In 1952, Bronwyn’s daughter, Clara, is an illustrator and teacher raising her own daughter, Wynnie, in the house she grew up in. Years later, she still misses her mother and wishes she knew why she disappeared. When she receives a phone call from a stranger in London, telling her he has just found a dictionary of her mother’s language in his late father’s library, she’s skeptical but cautiously hopeful. Her mother had taken the handwritten dictionary with her when she left, and it’s presumed to be at the bottom of the ocean, just as her mother is presumed dead.
Clara takes Wynnie to London to learn more about the possibility Charlie Jameson has shared with her. She plans for it to be a short trip and an opportunity to show some of the city to her daughter, but then the Great Smog drives her out of London. Charlie takes her and Wynnie to his mother’s country home in the Lake District, and there Clara ends up finding out far more than she had expected.

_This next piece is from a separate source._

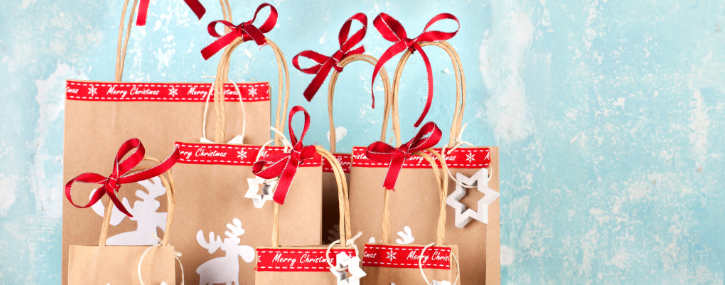 Gifts in bags decorated for Christmas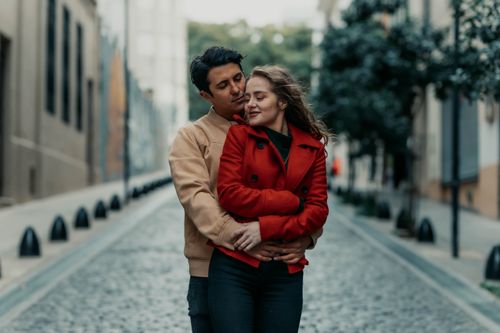 Free A loving couple embraces on a charming street in Buenos Aires, capturing intimacy and urban romance. Stock Photo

The Story She Left Behind is a novel about family, about buried secrets and self-perception. It’s a mystery and romance. The settings are beautifully rendered; I felt such comfort easing into the lovely South Carolina scenery as well as the Lake District countryside. Because the character of Bronwyn was so enamored of the unseen world and left behind the idea of connecting to the fairies and nature, it informs the whole book and lends it an enchanted touch. I savored the story, the places, the people, the light mystery, and the romance.
An interesting note is that Henry based it on the true story of an author much like Fordham, whose disappearance was never solved. Here, she solves it for us in a satisfying way.
Rated: Mild. Profanity includes about 10 uses of mild language and about 15 instances of the name of Deity in vain. Sexual content includes kissing and allusions to more, but any scenes are largely “closed-door.”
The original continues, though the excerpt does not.